--- DATA FOR THIS TASK Enclosed Below ---

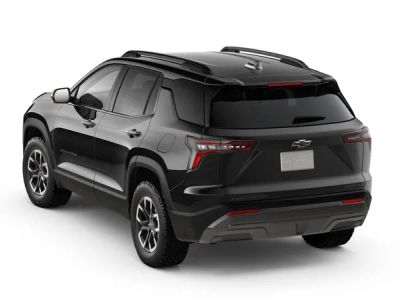 2026 Chevrolet Equinox — photo 60 view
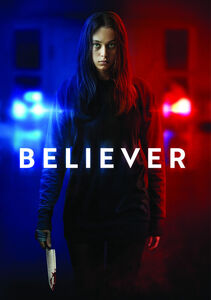 Believer , Lauren Lee Smith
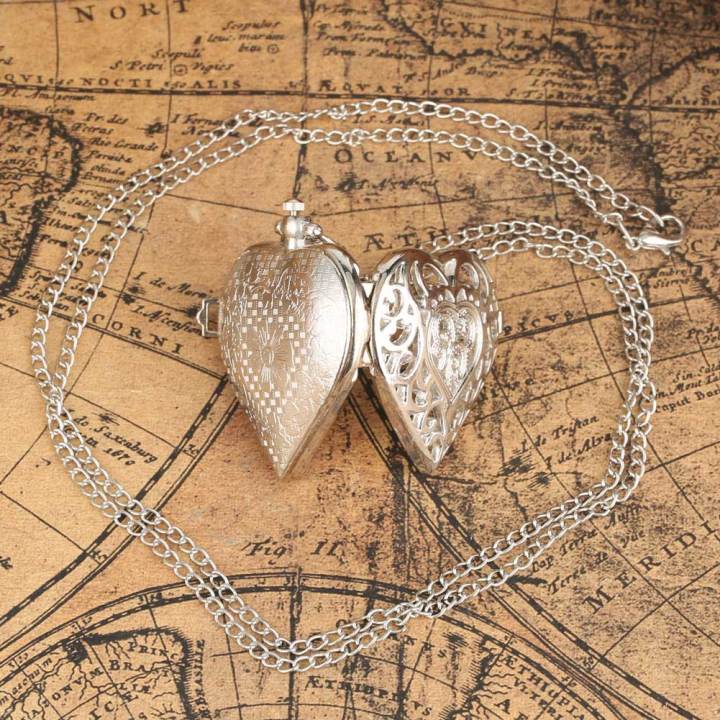 Stylish%20romantic%20heart-shaped%20diamond%20quartz%20women's%20necklace%20pocket%20watch%20souvenir%20%20for%20girls%20-%20Image%205
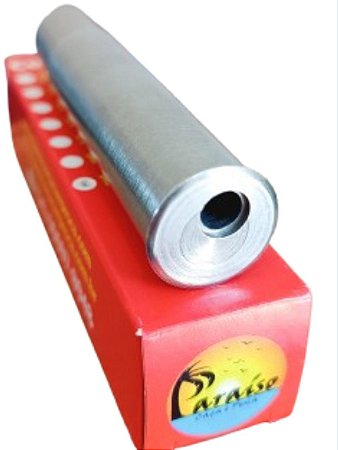 Redutor 20x22 em Aço Zincado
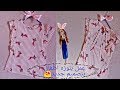 طريقه عمل بلوزه للاطفال| how sew blouse  kids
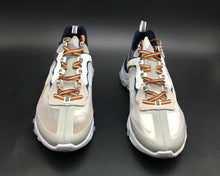 Cargar imagen en el visor de la galería, React Element 87 White Cream Blue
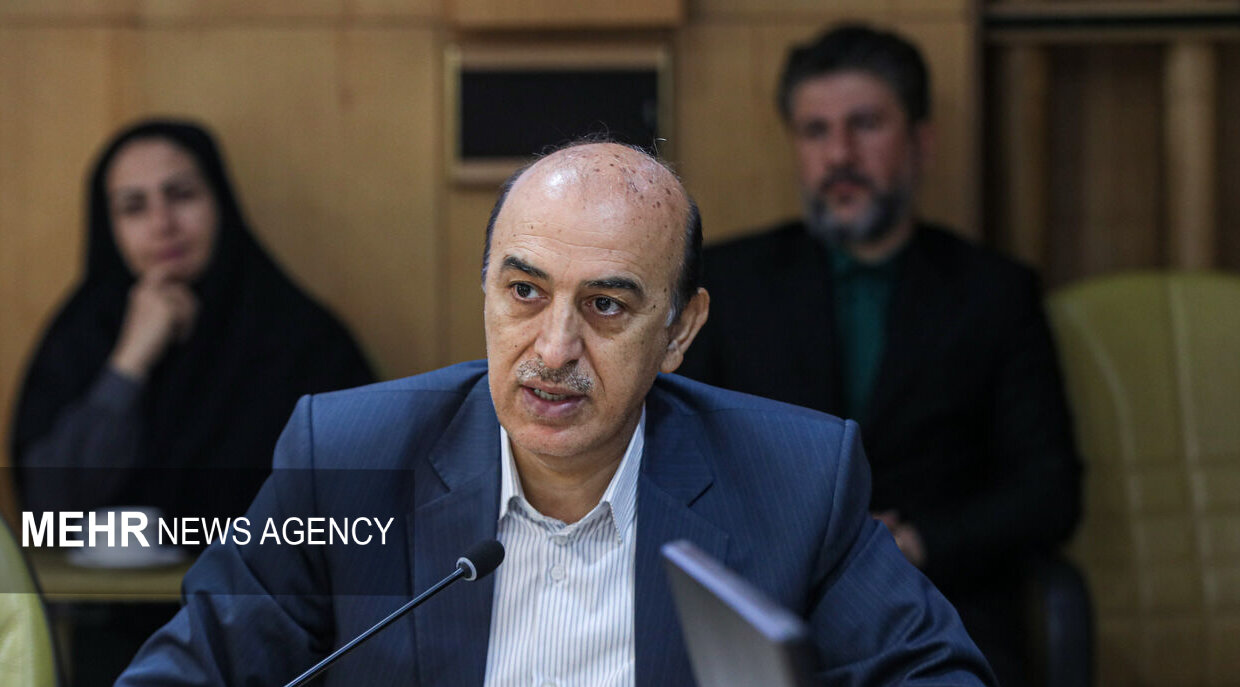 ملکی: برای تکمیل مسکن مهر به ۲۱ همت منابع مالی نیاز داریم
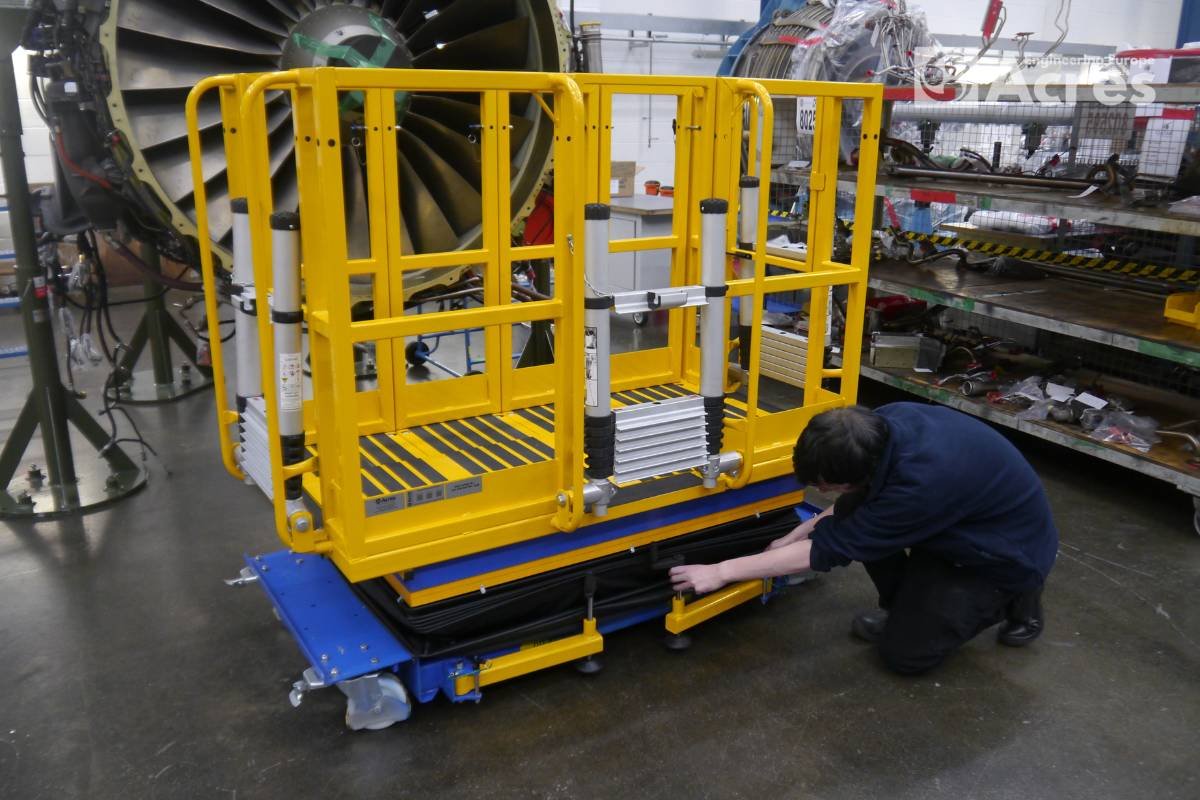 multifunctional working platform acceso industrial a medida acres engineering soluciones (17)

--- End of Enclosed DATA FOR THIS TASK ---

YOUR GOAL: Pictures aside, restate the entries word for word.

OUTPUT FOR THIS TASK:
 2026 Chevrolet Equinox — photo 60 view
 Believer , Lauren Lee Smith
 Stylish%20romantic%20heart-shaped%20diamond%20quartz%20women's%20necklace%20pocket%20watch%20souvenir%20%20for%20girls%20-%20Image%205
 Redutor 20x22 em Aço Zincado
 طريقه عمل بلوزه للاطفال| how sew blouse  kids
 Cargar imagen en el visor de la galería, React Element 87 White Cream Blue
 ملکی: برای تکمیل مسکن مهر به ۲۱ همت منابع مالی نیاز داریم
 multifunctional working platform acceso industrial a medida acres engineering soluciones (17)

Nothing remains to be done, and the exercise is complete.